(Web page caption snippets)
::::::::::

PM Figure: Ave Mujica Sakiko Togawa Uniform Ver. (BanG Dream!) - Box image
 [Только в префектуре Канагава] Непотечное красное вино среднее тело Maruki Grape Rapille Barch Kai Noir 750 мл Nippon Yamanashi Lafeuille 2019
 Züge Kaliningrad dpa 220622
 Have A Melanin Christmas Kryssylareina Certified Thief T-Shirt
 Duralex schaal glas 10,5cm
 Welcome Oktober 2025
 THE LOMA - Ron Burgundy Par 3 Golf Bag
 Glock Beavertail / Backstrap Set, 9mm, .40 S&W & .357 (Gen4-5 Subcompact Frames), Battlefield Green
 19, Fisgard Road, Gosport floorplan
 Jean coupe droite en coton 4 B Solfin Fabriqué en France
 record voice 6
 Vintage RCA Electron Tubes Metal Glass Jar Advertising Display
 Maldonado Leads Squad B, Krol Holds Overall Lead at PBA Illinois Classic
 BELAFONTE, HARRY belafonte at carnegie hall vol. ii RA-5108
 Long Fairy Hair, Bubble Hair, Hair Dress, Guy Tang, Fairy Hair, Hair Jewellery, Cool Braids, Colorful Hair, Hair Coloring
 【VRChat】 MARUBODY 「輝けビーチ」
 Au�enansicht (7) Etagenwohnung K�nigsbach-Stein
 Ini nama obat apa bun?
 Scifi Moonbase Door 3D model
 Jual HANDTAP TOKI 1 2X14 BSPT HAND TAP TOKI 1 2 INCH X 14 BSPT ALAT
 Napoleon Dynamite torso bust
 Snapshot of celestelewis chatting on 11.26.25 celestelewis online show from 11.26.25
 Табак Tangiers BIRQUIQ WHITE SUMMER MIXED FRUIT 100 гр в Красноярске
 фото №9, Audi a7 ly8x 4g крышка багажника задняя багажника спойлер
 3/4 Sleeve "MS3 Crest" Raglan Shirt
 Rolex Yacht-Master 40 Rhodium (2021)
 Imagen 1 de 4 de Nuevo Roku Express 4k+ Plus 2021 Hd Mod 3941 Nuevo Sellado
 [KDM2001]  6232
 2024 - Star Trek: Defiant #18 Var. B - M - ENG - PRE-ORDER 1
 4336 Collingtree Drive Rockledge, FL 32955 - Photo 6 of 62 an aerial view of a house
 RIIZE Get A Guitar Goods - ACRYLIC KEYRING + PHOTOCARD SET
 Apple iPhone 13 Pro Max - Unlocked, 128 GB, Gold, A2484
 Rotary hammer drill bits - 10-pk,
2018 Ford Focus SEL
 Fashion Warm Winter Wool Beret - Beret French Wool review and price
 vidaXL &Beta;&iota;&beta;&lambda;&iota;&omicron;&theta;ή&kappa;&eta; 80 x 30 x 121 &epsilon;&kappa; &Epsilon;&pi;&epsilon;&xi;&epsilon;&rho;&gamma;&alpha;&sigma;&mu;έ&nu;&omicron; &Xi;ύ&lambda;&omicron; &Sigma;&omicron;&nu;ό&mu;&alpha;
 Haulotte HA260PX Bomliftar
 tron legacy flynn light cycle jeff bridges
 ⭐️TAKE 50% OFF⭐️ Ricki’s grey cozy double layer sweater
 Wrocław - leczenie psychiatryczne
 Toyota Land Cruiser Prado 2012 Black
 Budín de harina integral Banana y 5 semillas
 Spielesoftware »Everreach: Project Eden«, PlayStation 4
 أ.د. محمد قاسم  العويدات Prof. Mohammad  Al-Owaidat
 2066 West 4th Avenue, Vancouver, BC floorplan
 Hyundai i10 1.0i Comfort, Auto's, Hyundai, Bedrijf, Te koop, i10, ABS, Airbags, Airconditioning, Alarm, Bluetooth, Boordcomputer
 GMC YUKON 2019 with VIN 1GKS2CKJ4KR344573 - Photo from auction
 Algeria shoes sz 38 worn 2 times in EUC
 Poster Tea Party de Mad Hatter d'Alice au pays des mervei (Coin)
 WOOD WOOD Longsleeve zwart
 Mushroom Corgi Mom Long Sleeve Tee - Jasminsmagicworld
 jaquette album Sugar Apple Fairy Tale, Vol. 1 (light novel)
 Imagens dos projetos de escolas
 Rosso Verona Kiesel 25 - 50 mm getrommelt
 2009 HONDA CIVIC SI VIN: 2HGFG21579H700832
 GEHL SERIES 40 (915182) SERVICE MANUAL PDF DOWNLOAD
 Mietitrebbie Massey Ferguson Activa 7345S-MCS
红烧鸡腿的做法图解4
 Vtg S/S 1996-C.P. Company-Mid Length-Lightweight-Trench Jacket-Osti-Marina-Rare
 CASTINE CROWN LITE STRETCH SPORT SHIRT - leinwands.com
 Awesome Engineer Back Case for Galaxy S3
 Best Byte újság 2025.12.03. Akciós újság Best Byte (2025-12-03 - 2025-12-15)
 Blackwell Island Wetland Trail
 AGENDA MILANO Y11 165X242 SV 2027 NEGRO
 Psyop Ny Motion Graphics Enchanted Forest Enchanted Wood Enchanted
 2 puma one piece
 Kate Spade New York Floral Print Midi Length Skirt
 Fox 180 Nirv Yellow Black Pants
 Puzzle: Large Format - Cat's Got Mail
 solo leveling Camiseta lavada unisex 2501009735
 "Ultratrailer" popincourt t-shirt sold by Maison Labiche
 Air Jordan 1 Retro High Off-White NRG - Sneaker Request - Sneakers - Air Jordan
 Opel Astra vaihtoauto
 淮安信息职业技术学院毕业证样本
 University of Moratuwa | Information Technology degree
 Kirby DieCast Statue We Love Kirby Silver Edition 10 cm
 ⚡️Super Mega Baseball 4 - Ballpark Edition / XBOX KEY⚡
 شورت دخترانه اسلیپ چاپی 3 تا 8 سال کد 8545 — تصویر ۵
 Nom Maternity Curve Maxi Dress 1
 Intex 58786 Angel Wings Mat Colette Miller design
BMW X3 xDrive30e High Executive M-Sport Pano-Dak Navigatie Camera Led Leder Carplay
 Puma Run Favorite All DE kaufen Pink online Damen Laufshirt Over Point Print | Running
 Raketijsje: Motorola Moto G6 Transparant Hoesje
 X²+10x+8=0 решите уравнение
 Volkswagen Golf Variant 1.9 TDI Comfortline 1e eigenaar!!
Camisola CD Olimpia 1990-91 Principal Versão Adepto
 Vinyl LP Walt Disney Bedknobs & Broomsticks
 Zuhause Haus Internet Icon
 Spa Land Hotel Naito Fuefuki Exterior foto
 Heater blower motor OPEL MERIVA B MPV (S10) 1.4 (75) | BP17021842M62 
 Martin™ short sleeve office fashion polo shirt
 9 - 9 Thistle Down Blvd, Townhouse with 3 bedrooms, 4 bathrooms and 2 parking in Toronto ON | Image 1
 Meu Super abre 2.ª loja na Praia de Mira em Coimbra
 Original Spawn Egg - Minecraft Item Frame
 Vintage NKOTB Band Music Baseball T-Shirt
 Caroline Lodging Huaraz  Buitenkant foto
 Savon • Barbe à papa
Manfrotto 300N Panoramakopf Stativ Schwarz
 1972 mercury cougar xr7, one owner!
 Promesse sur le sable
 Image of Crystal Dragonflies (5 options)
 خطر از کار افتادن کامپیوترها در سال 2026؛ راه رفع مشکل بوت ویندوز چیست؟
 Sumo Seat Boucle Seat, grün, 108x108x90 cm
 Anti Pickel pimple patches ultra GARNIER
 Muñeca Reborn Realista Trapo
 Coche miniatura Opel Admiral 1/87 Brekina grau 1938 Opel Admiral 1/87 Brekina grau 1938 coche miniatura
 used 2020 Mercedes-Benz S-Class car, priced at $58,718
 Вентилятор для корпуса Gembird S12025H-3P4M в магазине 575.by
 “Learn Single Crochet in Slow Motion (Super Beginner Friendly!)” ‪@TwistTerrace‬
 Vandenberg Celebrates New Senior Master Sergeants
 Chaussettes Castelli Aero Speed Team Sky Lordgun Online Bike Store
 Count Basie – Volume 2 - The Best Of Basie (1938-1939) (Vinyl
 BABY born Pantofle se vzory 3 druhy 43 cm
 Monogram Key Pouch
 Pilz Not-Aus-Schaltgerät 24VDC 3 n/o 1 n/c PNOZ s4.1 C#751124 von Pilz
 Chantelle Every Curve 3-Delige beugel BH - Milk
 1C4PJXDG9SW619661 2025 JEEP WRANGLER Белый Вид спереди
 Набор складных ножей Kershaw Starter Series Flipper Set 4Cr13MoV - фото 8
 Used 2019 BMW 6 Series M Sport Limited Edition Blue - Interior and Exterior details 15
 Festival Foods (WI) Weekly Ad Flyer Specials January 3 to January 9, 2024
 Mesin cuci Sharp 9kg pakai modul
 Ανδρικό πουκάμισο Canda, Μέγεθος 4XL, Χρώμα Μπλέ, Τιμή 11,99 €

::::::::::

WORK ORDER:
Print only the lines from the one with "Caroline Lodging Huaraz" to the end of the records, both included.

SOLUTION FOR THIS PROBLEM:
 Caroline Lodging Huaraz  Buitenkant foto
 Savon • Barbe à papa
Manfrotto 300N Panoramakopf Stativ Schwarz
 1972 mercury cougar xr7, one owner!
 Promesse sur le sable
 Image of Crystal Dragonflies (5 options)
 خطر از کار افتادن کامپیوترها در سال 2026؛ راه رفع مشکل بوت ویندوز چیست؟
 Sumo Seat Boucle Seat, grün, 108x108x90 cm
 Anti Pickel pimple patches ultra GARNIER
 Muñeca Reborn Realista Trapo
 Coche miniatura Opel Admiral 1/87 Brekina grau 1938 Opel Admiral 1/87 Brekina grau 1938 coche miniatura
 used 2020 Mercedes-Benz S-Class car, priced at $58,718
 Вентилятор для корпуса Gembird S12025H-3P4M в магазине 575.by
 “Learn Single Crochet in Slow Motion (Super Beginner Friendly!)” ‪@TwistTerrace‬
 Vandenberg Celebrates New Senior Master Sergeants
 Chaussettes Castelli Aero Speed Team Sky Lordgun Online Bike Store
 Count Basie – Volume 2 - The Best Of Basie (1938-1939) (Vinyl
 BABY born Pantofle se vzory 3 druhy 43 cm
 Monogram Key Pouch
 Pilz Not-Aus-Schaltgerät 24VDC 3 n/o 1 n/c PNOZ s4.1 C#751124 von Pilz
 Chantelle Every Curve 3-Delige beugel BH - Milk
 1C4PJXDG9SW619661 2025 JEEP WRANGLER Белый Вид спереди
 Набор складных ножей Kershaw Starter Series Flipper Set 4Cr13MoV - фото 8
 Used 2019 BMW 6 Series M Sport Limited Edition Blue - Interior and Exterior details 15
 Festival Foods (WI) Weekly Ad Flyer Specials January 3 to January 9, 2024
 Mesin cuci Sharp 9kg pakai modul
 Ανδρικό πουκάμισο Canda, Μέγεθος 4XL, Χρώμα Μπλέ, Τιμή 11,99 €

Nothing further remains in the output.